The US dairy industry is undergoing change and cow numbers are expected to reach 9.2m head by 2024, according to Dr Robert Johansson, Chief Economist with the US Department of Agriculture.
“We expect cow numbers to continue to recover going forward to 2018-2019 rising to its highest point in 2019,” he told over 400 delegates at the Agricultural Science Association’s conference in Co.

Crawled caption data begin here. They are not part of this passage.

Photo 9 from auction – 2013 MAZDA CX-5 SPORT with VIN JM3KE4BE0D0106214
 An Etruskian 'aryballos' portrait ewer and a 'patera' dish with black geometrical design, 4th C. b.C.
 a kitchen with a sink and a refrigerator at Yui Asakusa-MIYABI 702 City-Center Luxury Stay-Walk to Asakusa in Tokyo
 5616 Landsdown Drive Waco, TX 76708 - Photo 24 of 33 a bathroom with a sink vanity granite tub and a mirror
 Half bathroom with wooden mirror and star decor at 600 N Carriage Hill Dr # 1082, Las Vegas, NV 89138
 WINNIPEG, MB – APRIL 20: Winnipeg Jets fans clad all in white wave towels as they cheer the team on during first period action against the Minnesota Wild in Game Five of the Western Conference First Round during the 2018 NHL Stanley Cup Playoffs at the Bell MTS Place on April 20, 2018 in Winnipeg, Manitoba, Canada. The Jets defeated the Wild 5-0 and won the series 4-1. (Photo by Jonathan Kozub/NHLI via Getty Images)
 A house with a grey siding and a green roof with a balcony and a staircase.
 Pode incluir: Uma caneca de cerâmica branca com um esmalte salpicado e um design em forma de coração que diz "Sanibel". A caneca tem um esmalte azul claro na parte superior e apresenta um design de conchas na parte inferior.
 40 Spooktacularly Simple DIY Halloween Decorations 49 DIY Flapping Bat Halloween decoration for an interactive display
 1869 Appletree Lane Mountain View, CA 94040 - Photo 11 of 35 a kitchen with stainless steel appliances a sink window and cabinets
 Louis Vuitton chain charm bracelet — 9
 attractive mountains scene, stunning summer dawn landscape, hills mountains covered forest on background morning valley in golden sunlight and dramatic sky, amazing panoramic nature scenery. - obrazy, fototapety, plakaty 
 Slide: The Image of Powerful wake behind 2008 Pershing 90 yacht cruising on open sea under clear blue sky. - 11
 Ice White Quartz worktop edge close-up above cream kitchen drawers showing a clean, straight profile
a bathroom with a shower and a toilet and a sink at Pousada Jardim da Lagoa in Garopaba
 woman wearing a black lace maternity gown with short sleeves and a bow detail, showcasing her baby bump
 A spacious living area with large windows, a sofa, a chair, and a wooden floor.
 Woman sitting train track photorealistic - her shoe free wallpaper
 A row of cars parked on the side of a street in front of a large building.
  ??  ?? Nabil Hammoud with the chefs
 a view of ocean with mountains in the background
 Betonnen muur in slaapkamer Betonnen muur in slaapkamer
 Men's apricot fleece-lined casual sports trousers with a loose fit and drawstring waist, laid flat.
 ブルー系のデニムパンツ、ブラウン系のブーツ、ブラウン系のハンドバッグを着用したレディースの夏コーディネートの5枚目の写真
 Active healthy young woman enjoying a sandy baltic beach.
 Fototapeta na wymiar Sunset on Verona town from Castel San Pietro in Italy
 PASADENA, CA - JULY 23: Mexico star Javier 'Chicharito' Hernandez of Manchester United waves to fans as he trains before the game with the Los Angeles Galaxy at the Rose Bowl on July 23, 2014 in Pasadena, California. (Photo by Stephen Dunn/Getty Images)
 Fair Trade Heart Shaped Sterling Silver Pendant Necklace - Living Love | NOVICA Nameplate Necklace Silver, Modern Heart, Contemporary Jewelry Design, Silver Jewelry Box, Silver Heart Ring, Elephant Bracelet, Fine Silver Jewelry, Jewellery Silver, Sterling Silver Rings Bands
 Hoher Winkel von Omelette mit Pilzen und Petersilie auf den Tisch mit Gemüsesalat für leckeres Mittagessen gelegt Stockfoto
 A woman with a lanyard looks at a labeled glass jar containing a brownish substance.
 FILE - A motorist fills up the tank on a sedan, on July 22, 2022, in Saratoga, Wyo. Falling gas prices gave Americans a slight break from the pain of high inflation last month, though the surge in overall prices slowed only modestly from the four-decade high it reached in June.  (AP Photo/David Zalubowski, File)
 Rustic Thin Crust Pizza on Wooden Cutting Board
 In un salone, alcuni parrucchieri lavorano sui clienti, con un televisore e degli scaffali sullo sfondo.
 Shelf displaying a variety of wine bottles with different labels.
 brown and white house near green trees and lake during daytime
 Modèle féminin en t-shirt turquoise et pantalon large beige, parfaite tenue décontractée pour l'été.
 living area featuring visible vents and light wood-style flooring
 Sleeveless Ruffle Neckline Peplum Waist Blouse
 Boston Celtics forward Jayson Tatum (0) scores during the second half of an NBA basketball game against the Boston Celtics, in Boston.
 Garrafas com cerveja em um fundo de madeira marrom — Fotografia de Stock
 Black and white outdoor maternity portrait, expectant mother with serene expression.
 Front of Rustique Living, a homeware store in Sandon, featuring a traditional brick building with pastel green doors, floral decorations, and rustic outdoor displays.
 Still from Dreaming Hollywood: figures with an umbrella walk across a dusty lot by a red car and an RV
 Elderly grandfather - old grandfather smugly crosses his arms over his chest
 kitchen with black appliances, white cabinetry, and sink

Kilkenny.
Dr Johansson said that by 2024 individual dairy cow production is expected to increased to just over 12,250kg per cow.
But, he said the nature of dairy farming in the US will change in the coming years as bigger farmers continue to grow in numbers, while smaller operators continue to reduce cow numbers.
Presently, the average dairy farm in the US has just over 900 cows, he said.
We have seen consolidation happen in the United States, the number of farms in the United States has remained fairly constant for the last decade or so and I don’t expect that to change.
“We have about 2.1m farms in the United States, but the production that occurs on the larger farms is definitively increasing as a percentage of the the whole
“On small farmers, we see a lot of retired farmers with low levels of production.
He also said that the US dairy sector is going to continue to look for export markets as a method of selling the extra productivity that has been seen in recent years.
“Global trade will grow more slowly in the interim with the greatest increases in developing economies,” he said.
The increase in global dairy production that has resulted in lower prices recently also had an affect on farms in the US, he said, with revenues from milk production falling due to higher global stocks.
Dr Johansson also said the that US milk processors have also moved to consolidate their interests in recent years, which has reduced the number of processors and spread the risk over a larger milk pool.
Benefits of TTIP to the US dairy industry
The USDA representative also spoke about the benefits of TTIP to the US dairy industry.
“The analysis that we did at USDA last year showed that TTIP under fairly theoretical constructs by aggressively reducing tariffs and non-tariff measures would result in a $300m dollar increase in dairy exports from the US to the EU and a $300m increase in EU exports to the US
“The components of that trade are very interesting to look at, most of the increase in EU exports to the US would be cheese and most of the increase in exports to the EU would be in a variety of other products such as whey, milk powder and butter.”